Every time Walker tried to sleep, thoughts of the newspapers, of what they’d be saying about him, kept him awake. In the lightless cell, there was nothing to do but cringe inwardly, try to think of an answer, and hear the occasional telephone ring coming through the half-open door to the sheriff’s office.

“Deputy?” The voice was so low, he could barely make it out. “Frank Ford, military intelligence. Here about Walker.” The deputy said something in response. “ID? Of course.”

Beyond the doorway, Walker heard an angry, serpentine hiss and froze. The hissing stopped, followed by a mocking laugh from Ford as he stepped into the unlit cellblock. Walker drew in a deep breath and stayed very still as Ford’s shadowy figure stopped by the bars of the cell. As he’d expected, there was another hiss; he hoped he could outlast whatever the gas was.

After maybe 30 seconds, Ford laughed again and jangled keys at the cell door. As he stepped into the cell, Walker let out his breath, inhaled again, and waited. Ford, humming softly, drew within arm’s reach; Walker jumped up, driving his fist into the man’s gut with all the fury of the past twenty-four hours behind it.

“What the hell?” Ford snarled as Walker slammed him into the bars. “Goddamn Mason!” Walker kept hitting, them something hard smashed into his skull and he staggered back. Ford hit Walker again, making his head spin, but Walker somehow blocked the next blow and swung a punch of his own. Ford cursed, but then he had Walker pinned against the wall, his arm crushing down on Walker’s throat. Walker clawed at the man’s face without effect, then remembered a trick from his past, thrust a finger into Ford’s nose and pulled. Ford screamed and jerked back as the side of his nose tore, then Walker was on him, pounding him into unconsciousness.

Walker ran out of the cell, into the office and saw the balding deputy sitting at the old, coffee-stained desk with a polite, glassy-eyed smile on his face. “Deputy? You okay?” No response.

Like me at Sykes’ house. And then Ford wakes him up and he finds me—dead?
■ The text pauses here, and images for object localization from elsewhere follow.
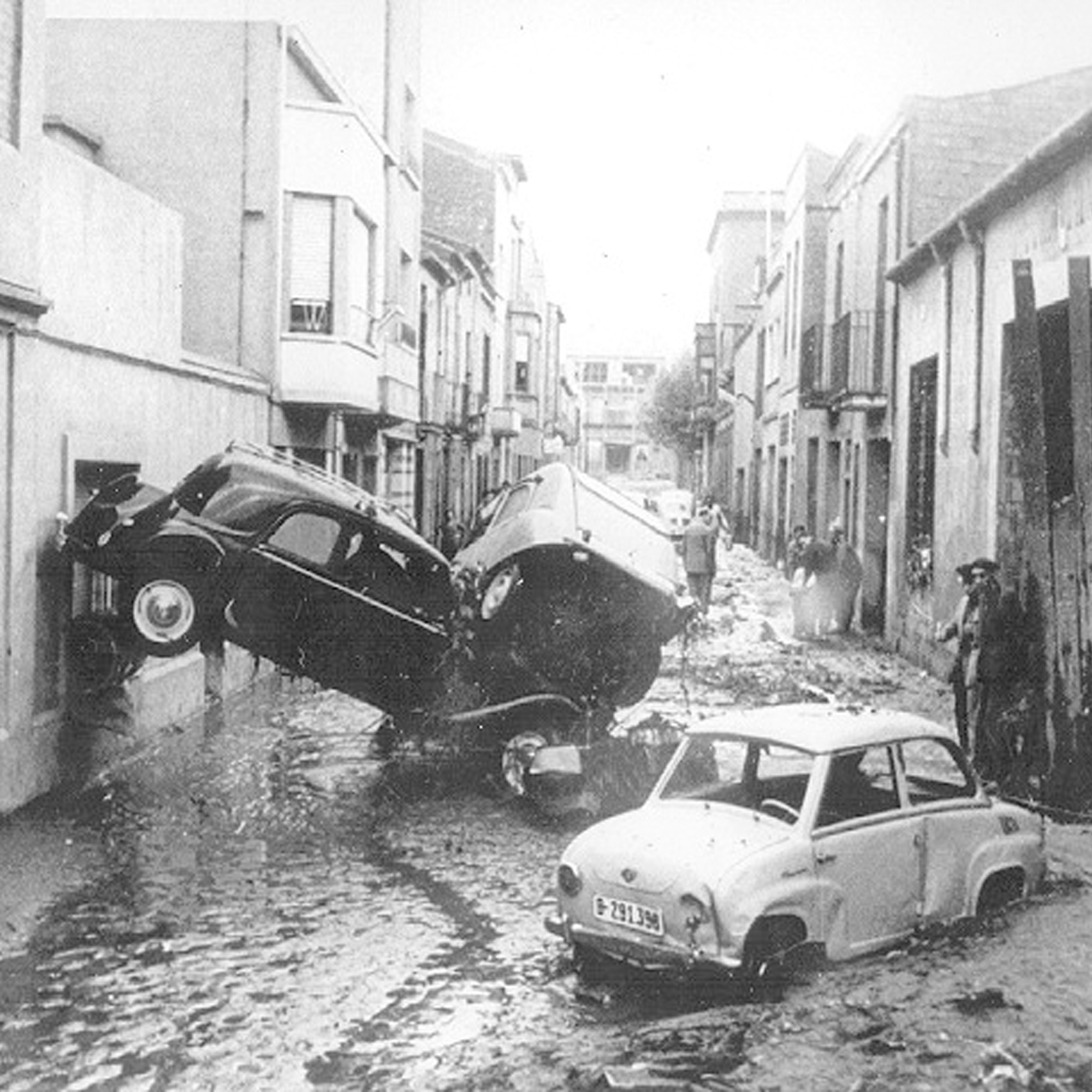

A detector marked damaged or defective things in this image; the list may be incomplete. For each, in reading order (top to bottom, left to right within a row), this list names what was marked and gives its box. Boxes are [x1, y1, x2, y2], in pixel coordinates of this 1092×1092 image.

overturned dark car [62, 441, 454, 716]
damaged vehicle [62, 439, 454, 721]
stacked crashed cars [62, 439, 454, 721]
stacked crashed cars [62, 443, 690, 743]
overturned dark car [448, 461, 686, 716]
damaged vehicle [452, 463, 690, 716]
damaged vehicle [550, 708, 1044, 983]
stacked crashed cars [550, 708, 1044, 983] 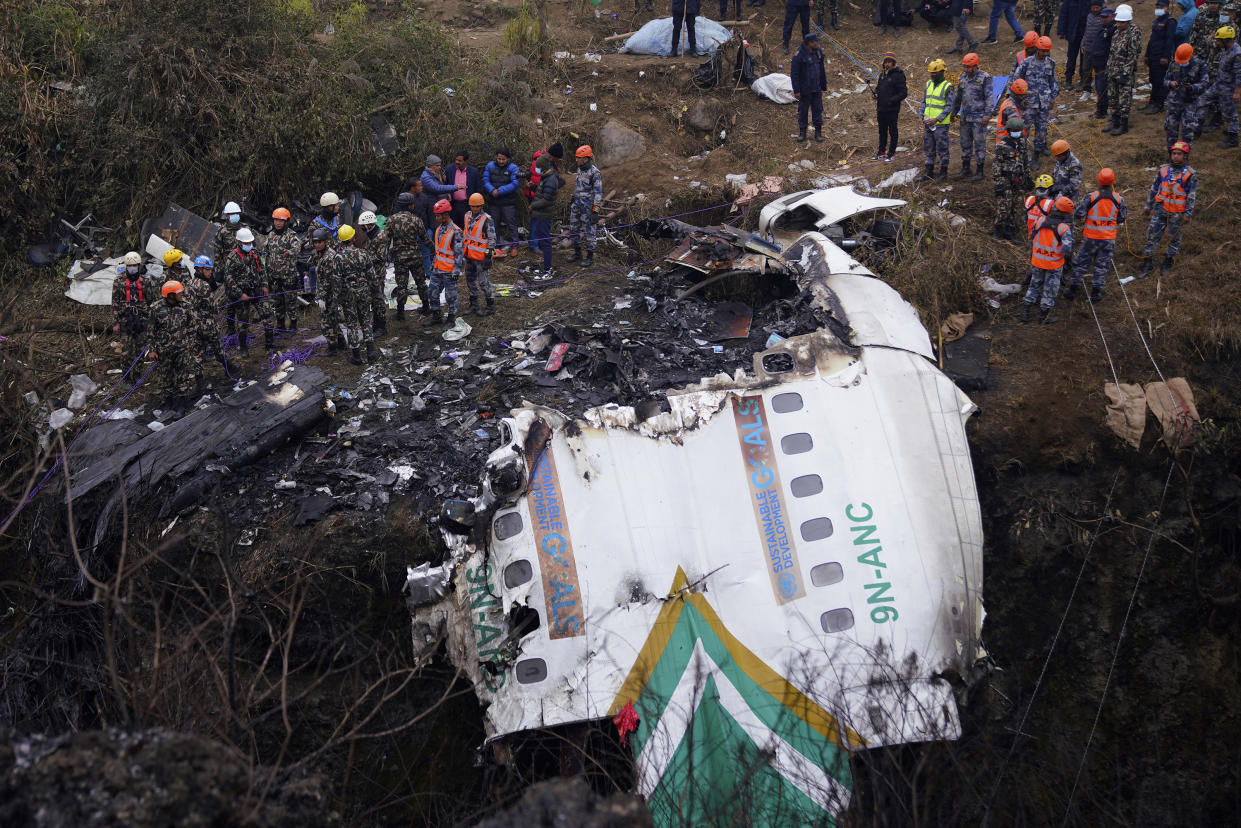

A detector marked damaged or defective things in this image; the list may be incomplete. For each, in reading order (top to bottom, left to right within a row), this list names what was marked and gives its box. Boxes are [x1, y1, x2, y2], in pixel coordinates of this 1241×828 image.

Gone?

But why?

He went back to his cell, turning on the lights as he did. Ford sprawled out on the floor, a military-issue automatic lying by the wall. Must have been what he slugged me with. Ford was a tall, unfamiliar brunette with crew-cut hair. Kneeling down, Walker searched his pockets, turning up a wallet confirming his ID, some kind of gas gun strapped to the man’s wrist. Nothing else.

Walker went back to the office to wake the deputy, then paused. Would the man listen to an accused murderer and nigger-lover long enough to understand the evidence?

What if Ford makes up another lie about me? Who’s this cop going to believe?

I’d better call Eisenstein first.

Except ...if Ford’s really military intelligence, how far does this go? Maybe that’s why she believed me against all the evidence: She’s in on it.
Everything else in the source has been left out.